Invoking a Jules Verne-like image, Kimmelman suggested the combined companies would be an octopus-like creature with its arms around nearly 50% of high speed Internet access subs, over 30 percent of MVPD, and almost 60% of cable subscribers.
"The proposed transaction is inconsistent with antitrust policy, the goals of the Communications Act, and the broader public interest. Therefore, it should not be approved," he said. Kimmelman was concerned about access to NBC programming, and what he said was Comcast's incentive and ability to use the combined ISP footprint to find ways to disadvantage online competitors, whether raising their prices for access—Comcast's paid peering deal with Netflix was referenced—or in other ways.
Cohen countered that the peering deal had been Netflix's idea as a way to cut out the middleman for access to the broadband backbone, a market he said remains wildly competitive and on which the Internet was built.
But Kimmelman said his concern was the control of the last mile, which he said was not so competitive.

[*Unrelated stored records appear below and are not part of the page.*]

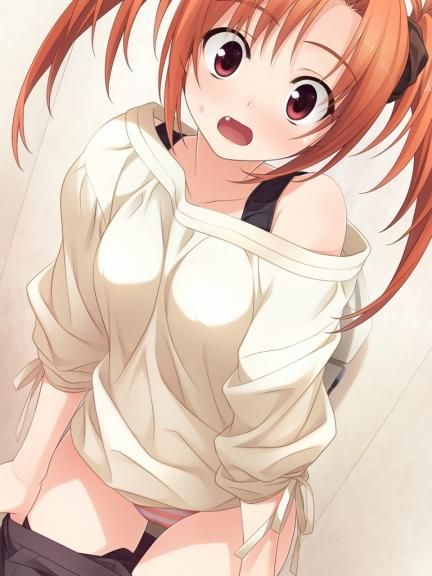 Naughty images of the twin tails I want? 5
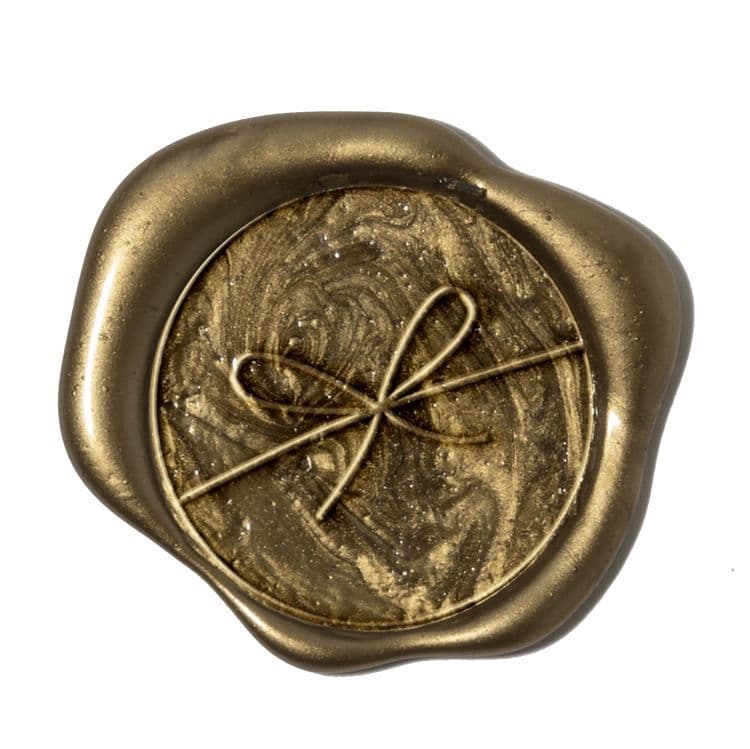 Wachssiegel 'Knoten' (17mm)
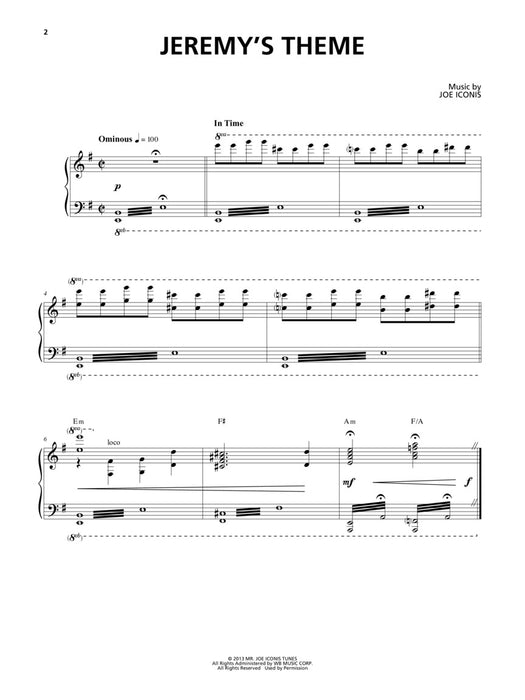 Be More Chill Piano/Vocal Selections 鋼琴 | 小雅音樂 Hsiaoya Music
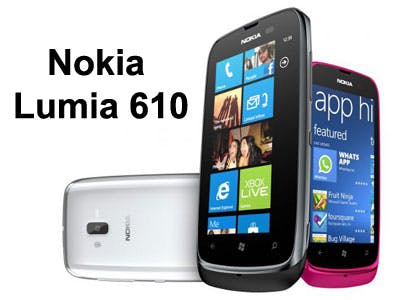 Nokia Lumia 610 eerste met Windows Phone Tango
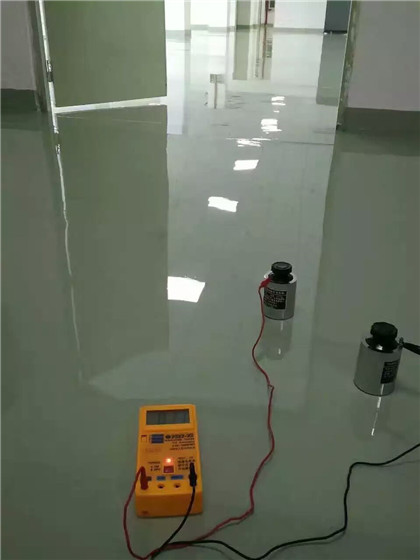 麟游 防静电自流平检测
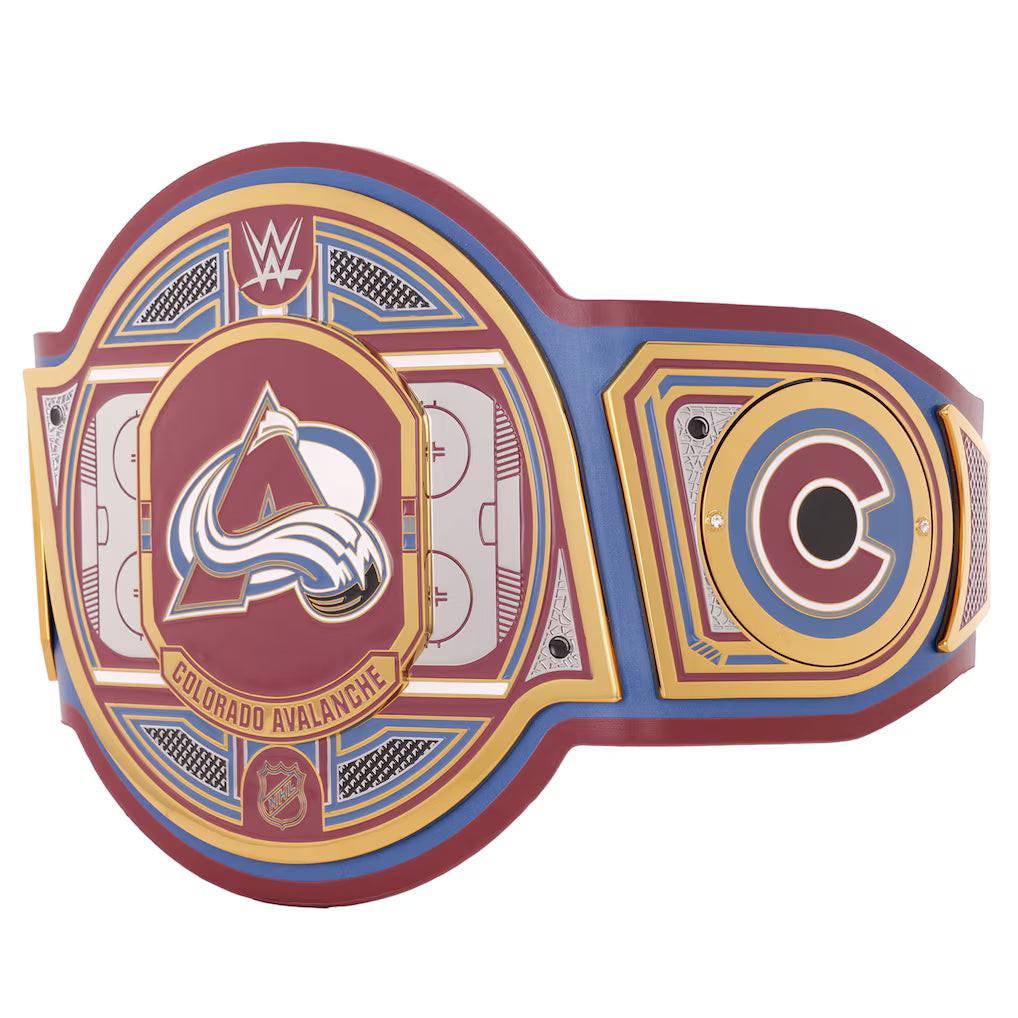 Colorado Avalanche Legacy Title Belt
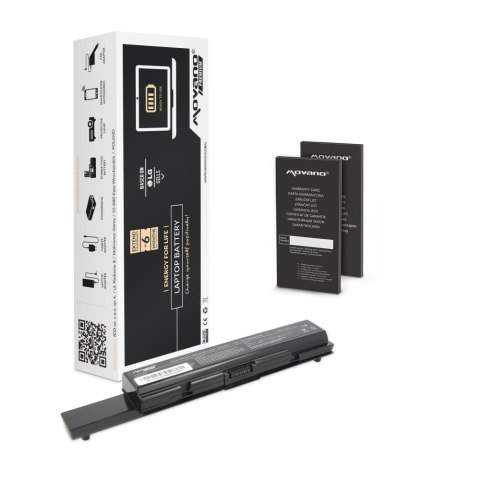 Bateria Movano premium do notebooka Toshiba A200, A300 (10.8V-11.1V) (7800 mAh) Bateria Movano premium do notebooka Toshiba A200, A300 (10.8V-11.1V) (7800 mAh)
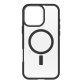 OtterBox React Series para MagSafe para Apple iPhone 16 Pro Max, Black Crystal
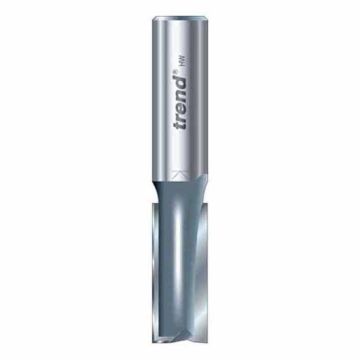 Trend 3/83M 1/2" Shank Straight Fluted -2 Flutes -12.7mm dia. x 50mm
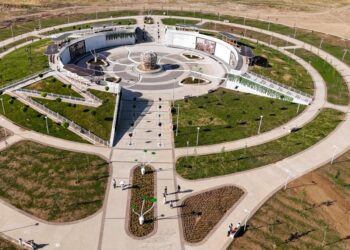 ҚАЛА КҮНІ: SHYMKENT CITY ШАҒЫНАУДАНЫНДА ЖАҢА САЯБАҚ АШЫЛДЫ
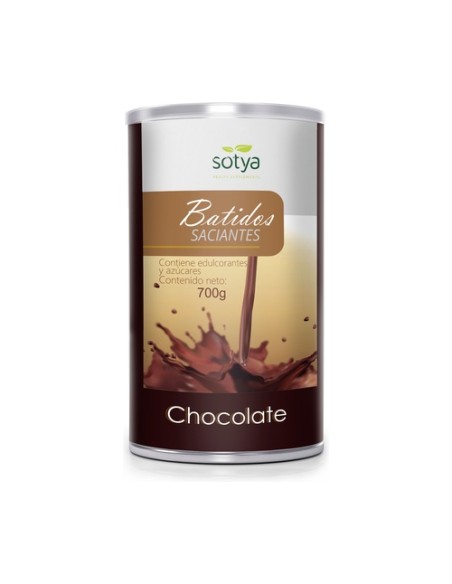 Batido Saciante (Chocolate) 700 g de polvo (Chocolate) Sotya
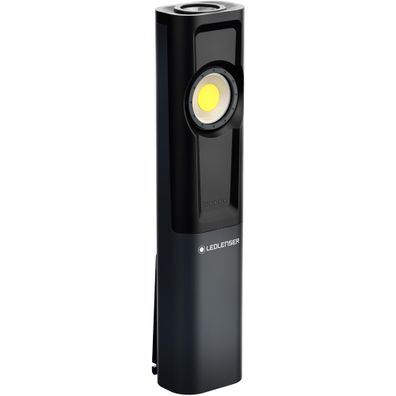 LED LENSER iW7R Taschenlampe mit Musikfunktion, schwarz (502005)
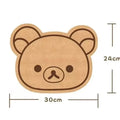 Cartoon Felt Board Home Decor Wall Decor Panel Felt Posters on The Wall Bear Wall Sticker Rilakkumas Children's Room Decorating Oasis Select 24x30cm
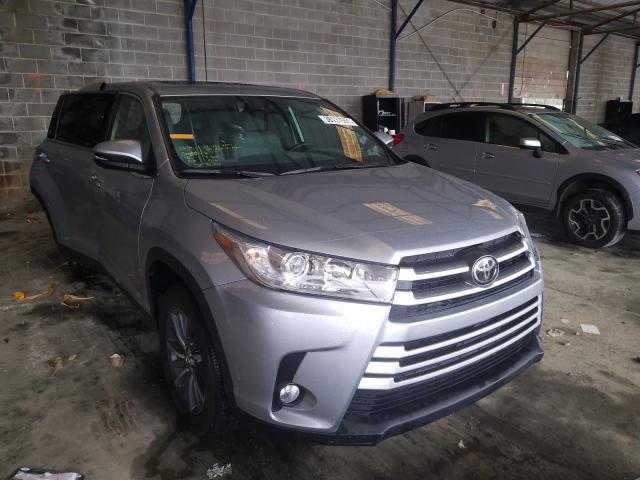 TOYOTA HIGHLANDER 2019 5tdkzrfh1ks573148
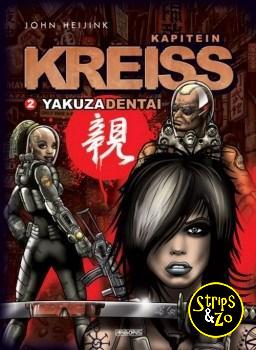 Kapitein Kreiss 2 - Yakuza Dentai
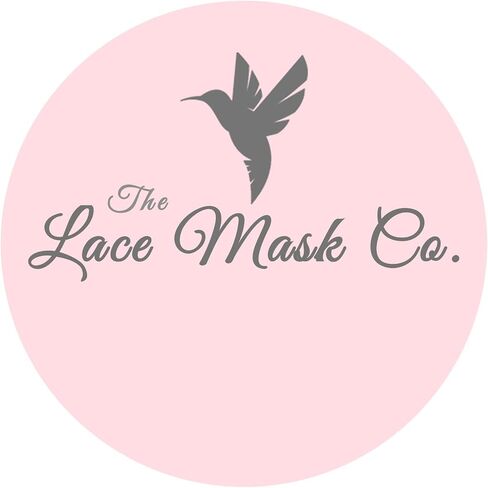 The Lace Mask Co. Genuine Lace Elegant Mask for Masquerade Prom Halloween Carnival Mask Ball in Kuwait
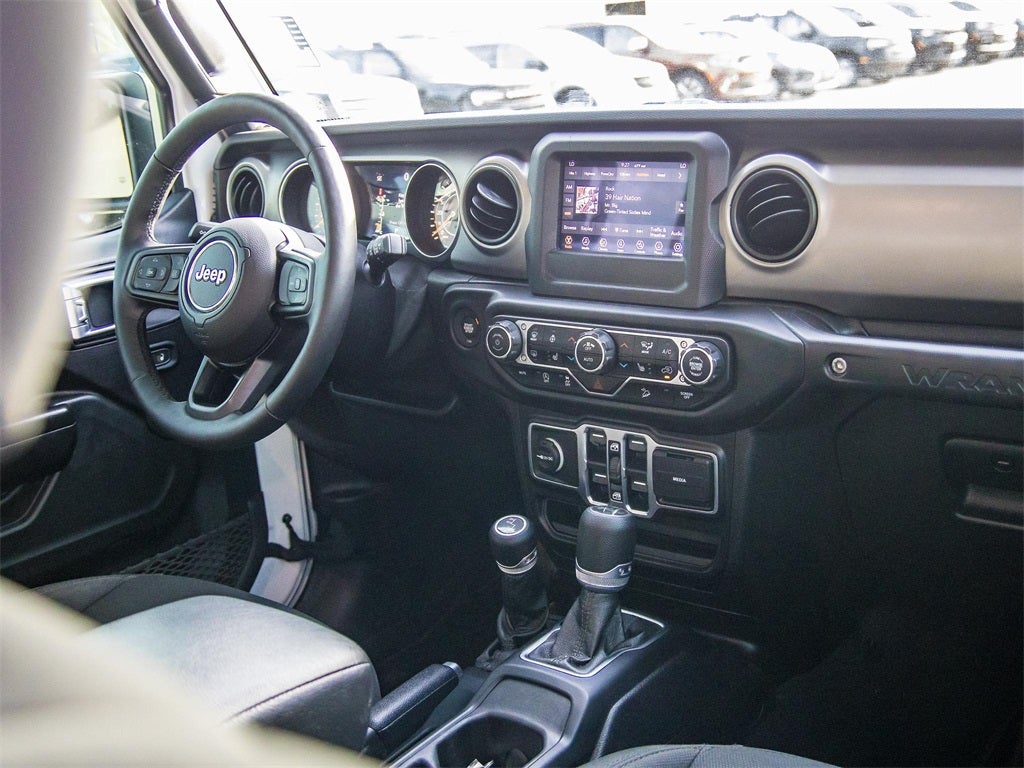 2020 Jeep Wrangler Unlimited Willys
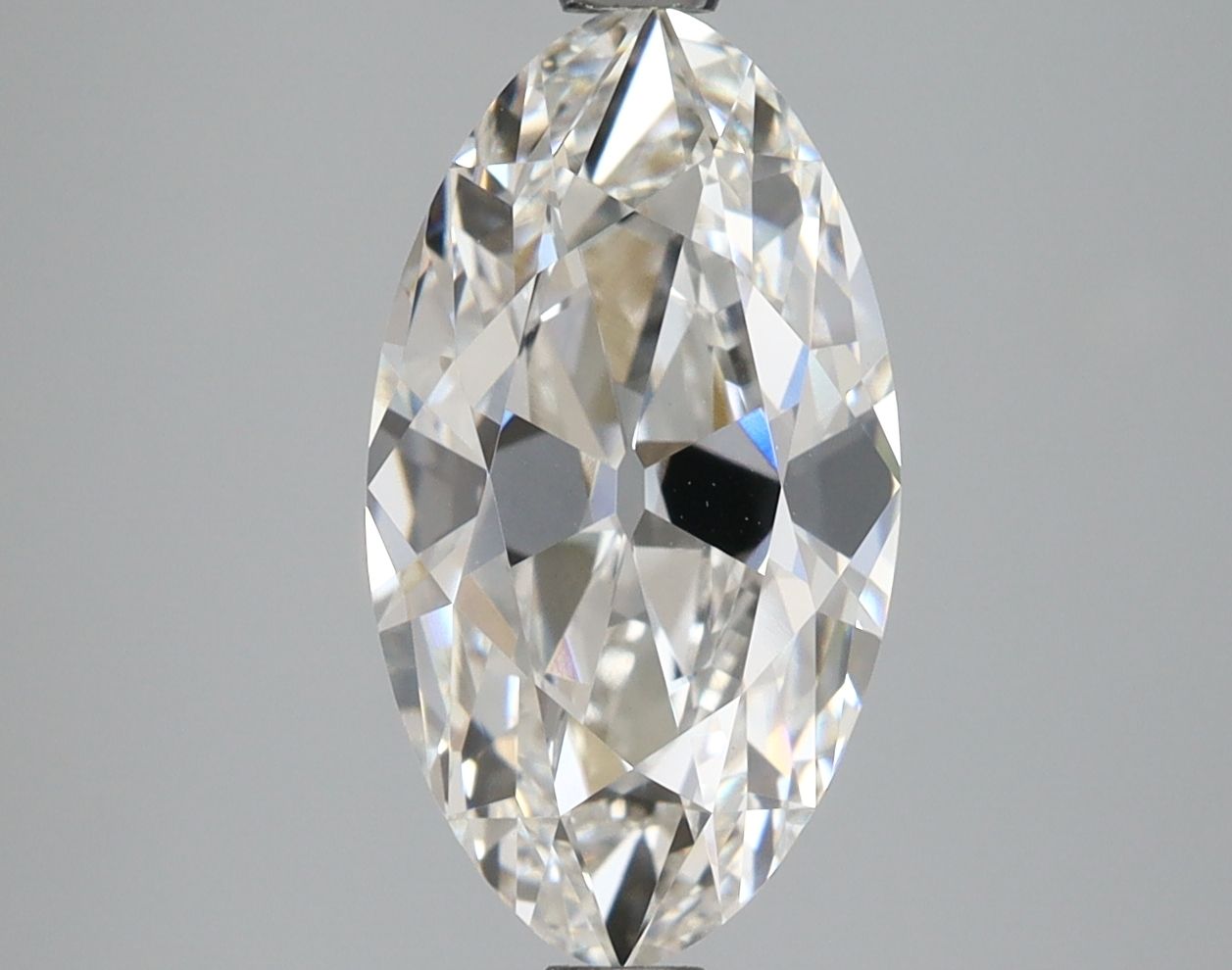 3.12 ct. oval Lab Grown Diamond front image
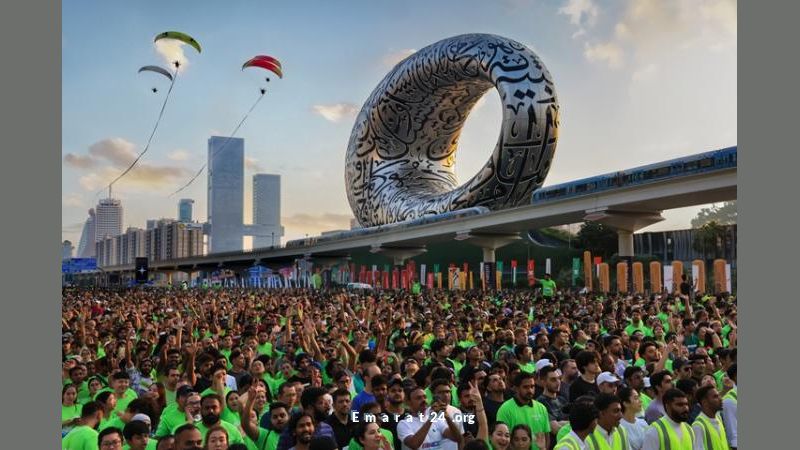 انطلاق تحدي دبي للياقة 2025 في نوفمبر: جدول الفعاليات لمدة 30 يوماً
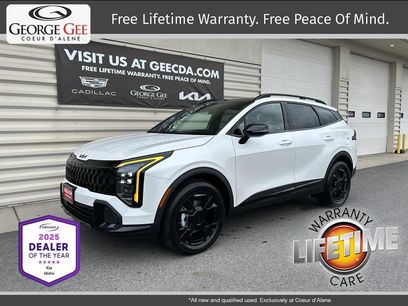New 2026 Kia Sportage X-Line
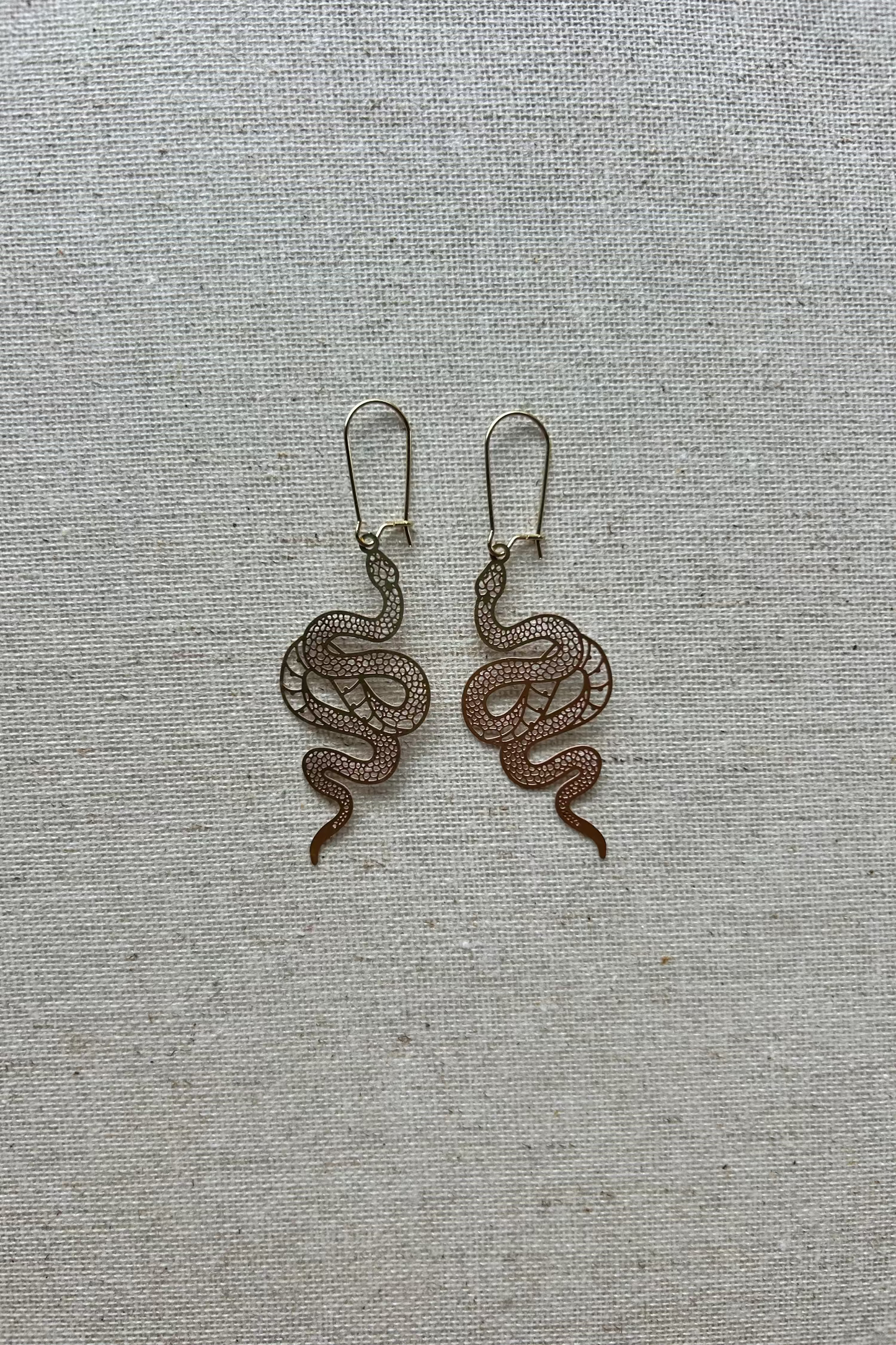 Serpentine Earrings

Speaking for independent golf lifestyle network Back9Network, James Bosworth alleged that its discussions with Time Warner Cable had been productive, but were less so after the announced proposed merger with Comcast, which owns Golf Channel. TWC CFO Arthur Minson said that its programming decisions had nothing to do with the proposed merger, and would be based on the cost/value proposition and bandwidth constraints. Cohen said they had productive meetings with Back9 as recently as this week and, while he was not a part of those, understood it to be a channel they were still considering.
Bosworth countered that the message from Comcast was that it would be keeping an eye on the channel over the next 24 months.
Leahy, whose focus was on the impact of the deal on consumers, asked Minson whether his $27 million golden parachute was consumer friendly. Minson said it was not out of line with the complexity of the transaction.